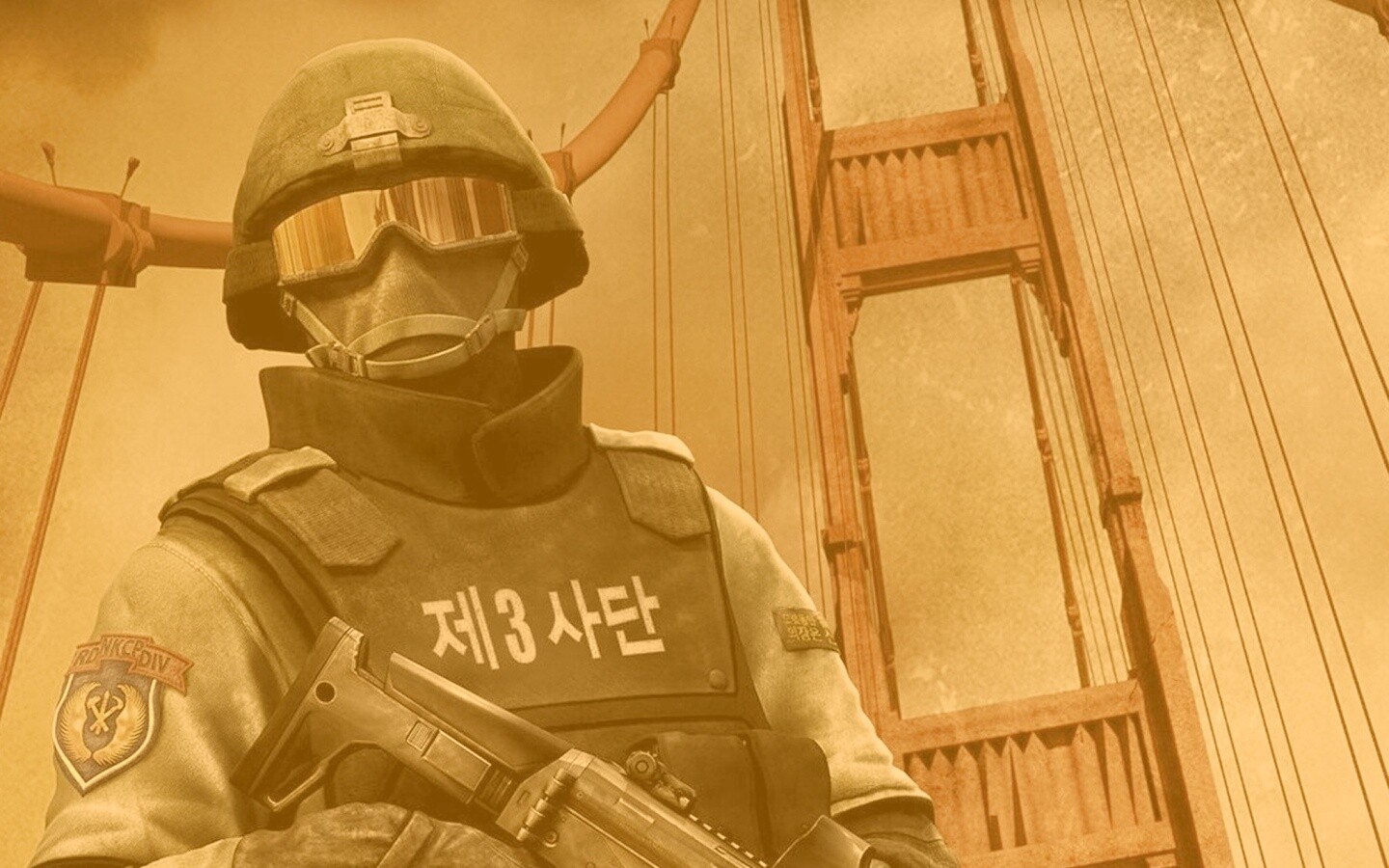 Солдат на мосту Золотые Ворота обои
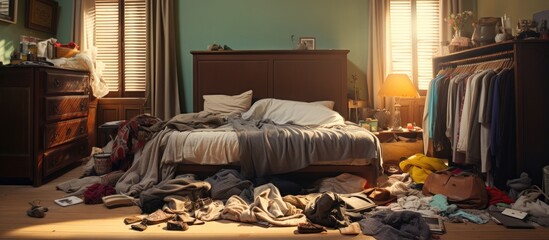 Messy room at home with clothes and slippers on carpet.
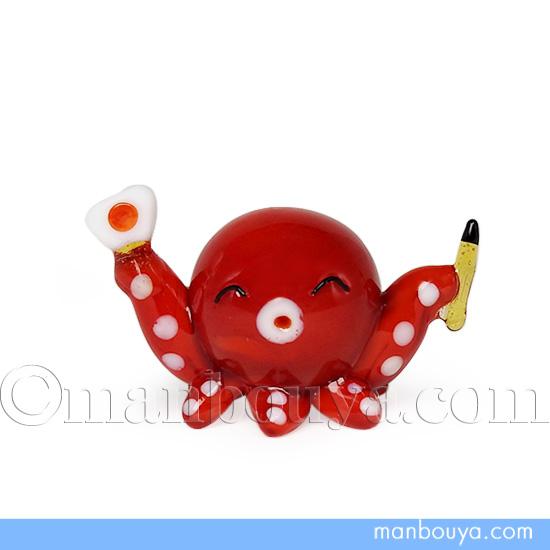 合格祈願 グッズ 受験生応援 タコ 置物 ガラス細工 ミニチュア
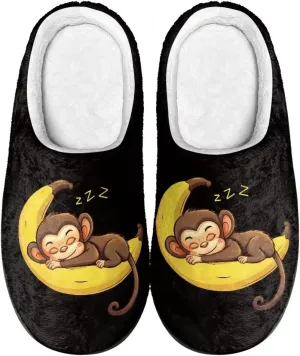 Poceacles House Slippers Women Men Fuzzy Slipper Soft Non-Slip Bedroom Slippers for Home, Travel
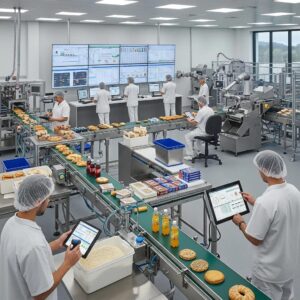 Food manufacturing facility illustrating the integration of ERP systems for operational efficiency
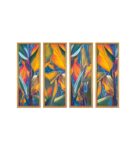 Tree Leaves Multicolour Canvas Framed Landscape Art Panel Set of 4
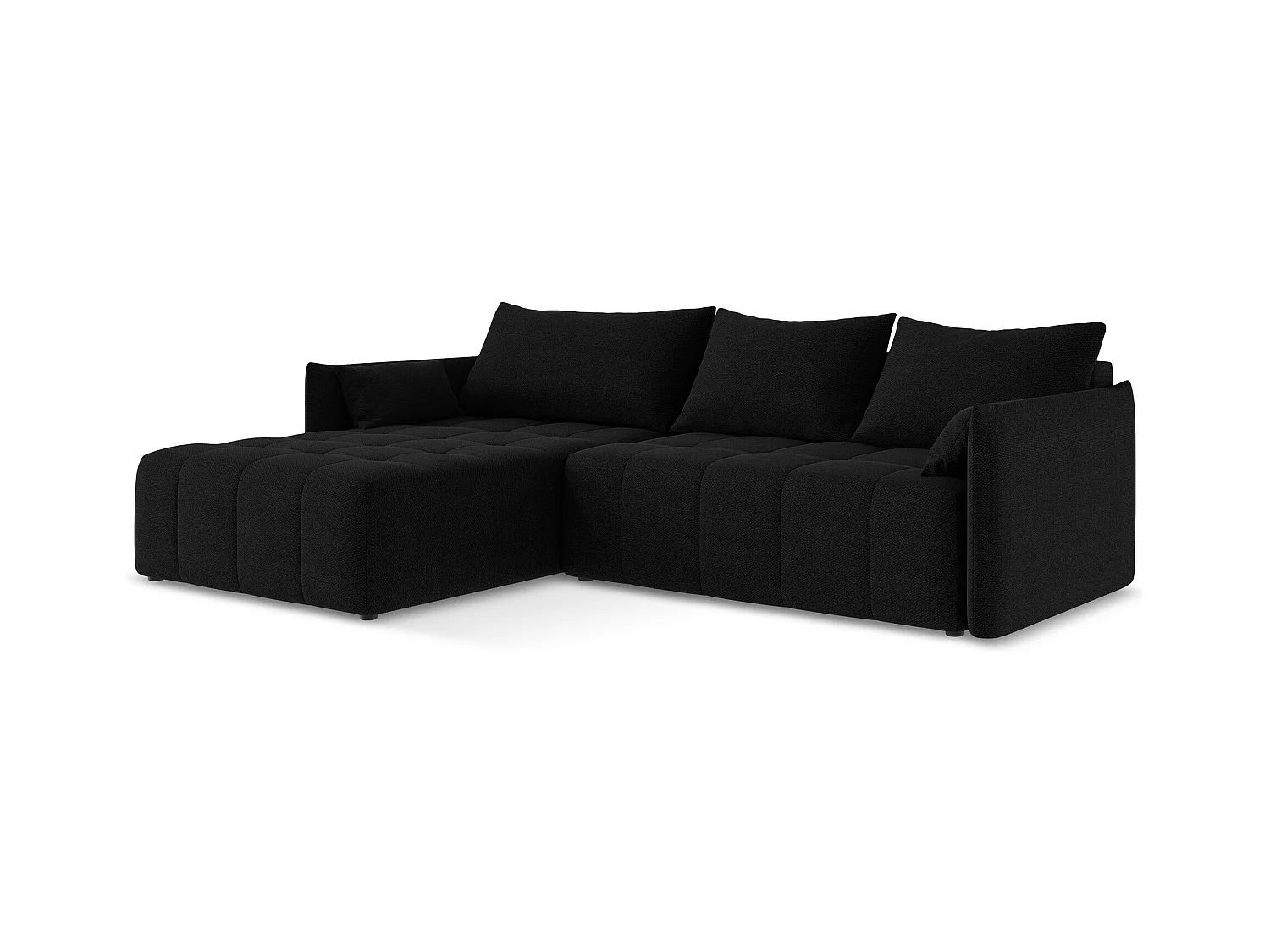 Canapé d’angle 3 places gauche convertible en tissu bouclette - noir - MOKU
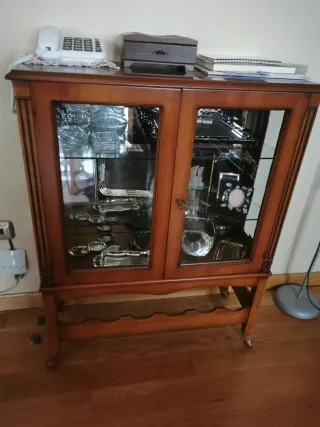 Vitrina de madera y cristal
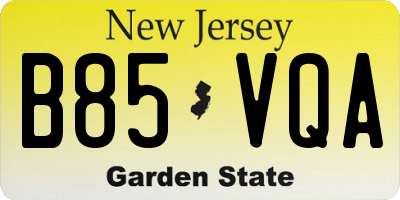 NJ license plate B85VQA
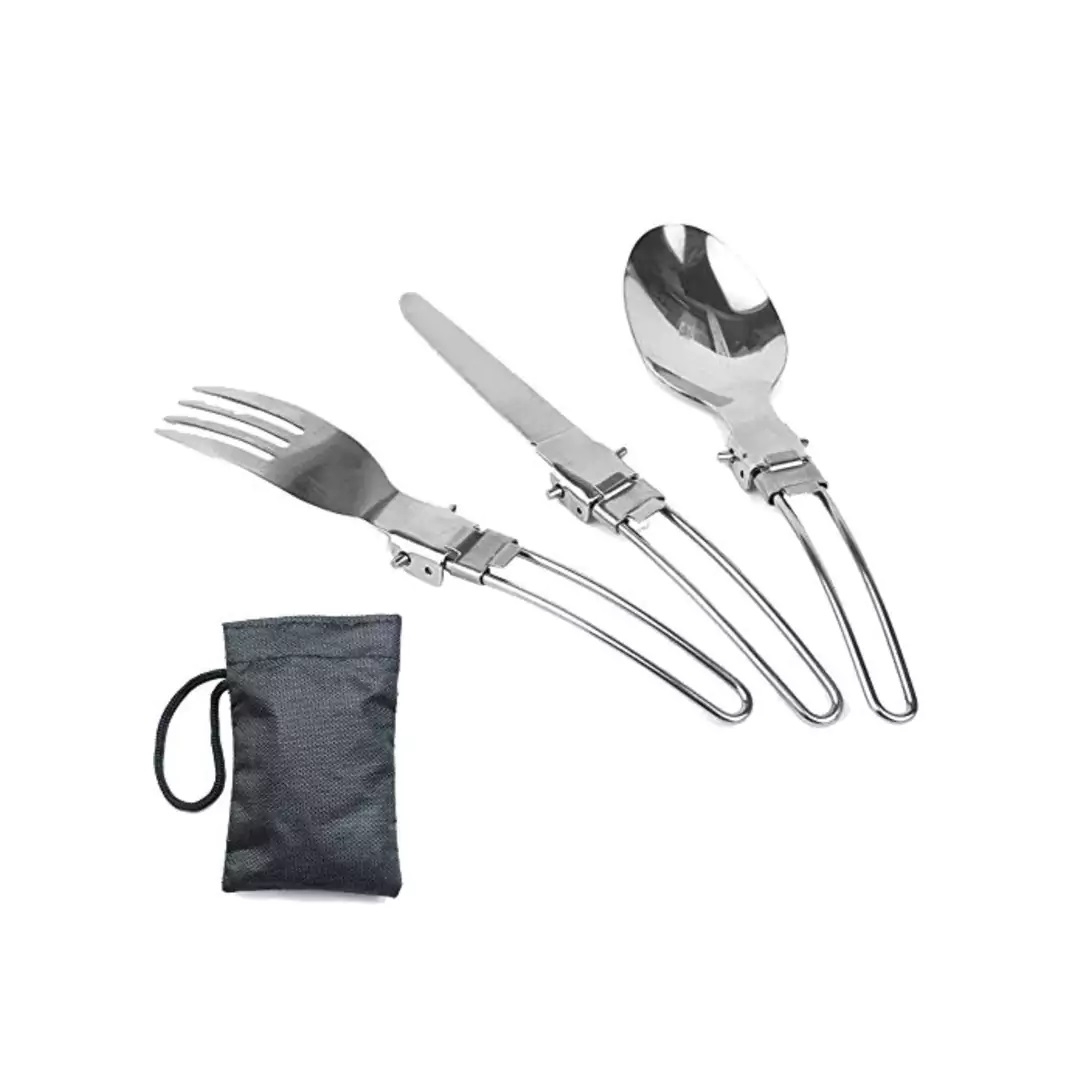 ست 3 تکه قاشق چنگال و کارد استیل تاشو
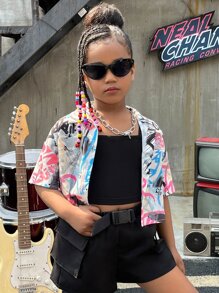 SHEIN 女孩塗鴉圖案落肩袖短款襯衫不附吊帶上衣 - 彩色 - 查看 5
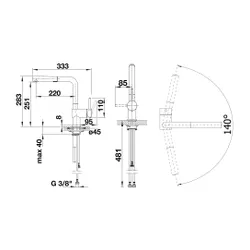 Bateria BLANCO Linus-S Vario 518406 Chrom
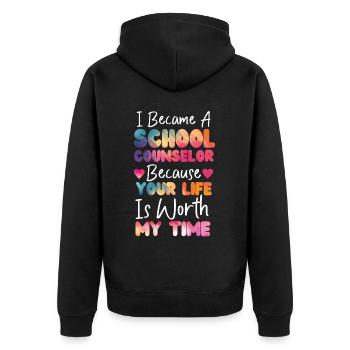 School Counselor Watercolor I - Unisex Premium Bio Zip Hoodie - Schwarz - Hinten - Nico (187cm)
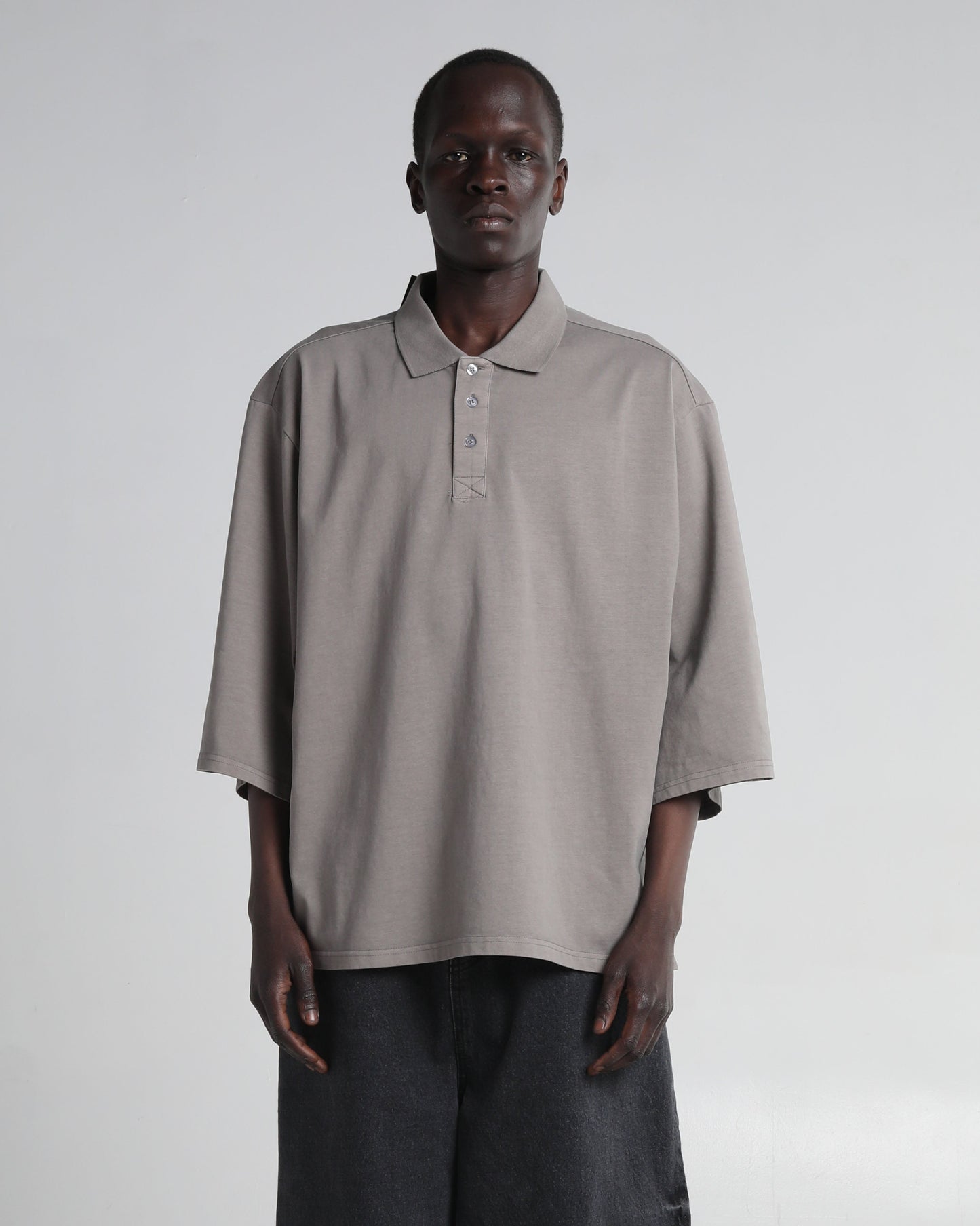 Garment Dye Drop Shoulder Polo Shirt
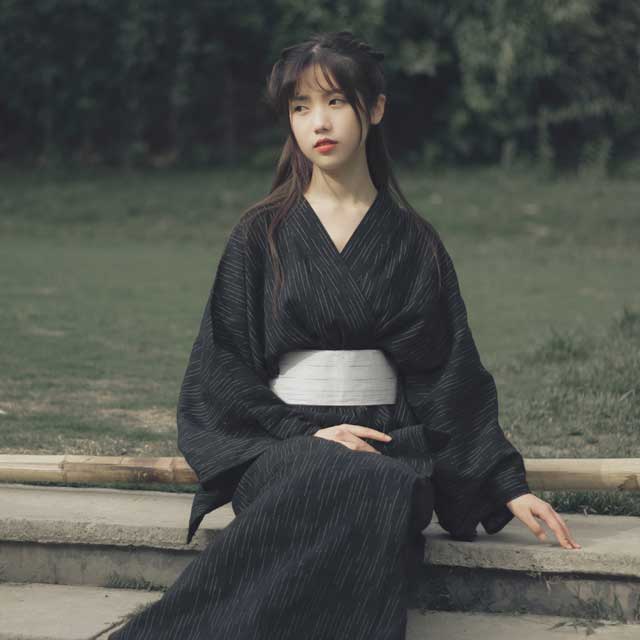 Black Cotton Yukata | Eiyo Kimono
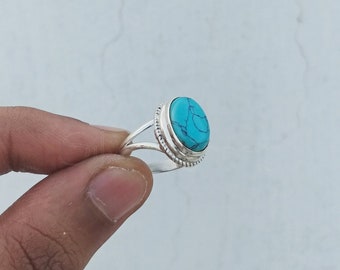 Turquoise ring, 925 solid sterling silver ring, silver ring, sterling silver, natural turquoise ring, ring for women, everyday ring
____________
▶ **Work to complete**
Restate each entry verbatim and skip every image.

▶ **Reply**
 Солдат на мосту Золотые Ворота обои
 Messy room at home with clothes and slippers on carpet.
 合格祈願 グッズ 受験生応援 タコ 置物 ガラス細工 ミニチュア
 Poceacles House Slippers Women Men Fuzzy Slipper Soft Non-Slip Bedroom Slippers for Home, Travel
 Food manufacturing facility illustrating the integration of ERP systems for operational efficiency
 Tree Leaves Multicolour Canvas Framed Landscape Art Panel Set of 4
 Canapé d’angle 3 places gauche convertible en tissu bouclette - noir - MOKU
 Vitrina de madera y cristal
 NJ license plate B85VQA
 ست 3 تکه قاشق چنگال و کارد استیل تاشو
 SHEIN 女孩塗鴉圖案落肩袖短款襯衫不附吊帶上衣 - 彩色 - 查看 5
 Bateria BLANCO Linus-S Vario 518406 Chrom
 School Counselor Watercolor I - Unisex Premium Bio Zip Hoodie - Schwarz - Hinten - Nico (187cm)
 Garment Dye Drop Shoulder Polo Shirt
 Black Cotton Yukata | Eiyo Kimono
 Turquoise ring, 925 solid sterling silver ring, silver ring, sterling silver, natural turquoise ring, ring for women, everyday ring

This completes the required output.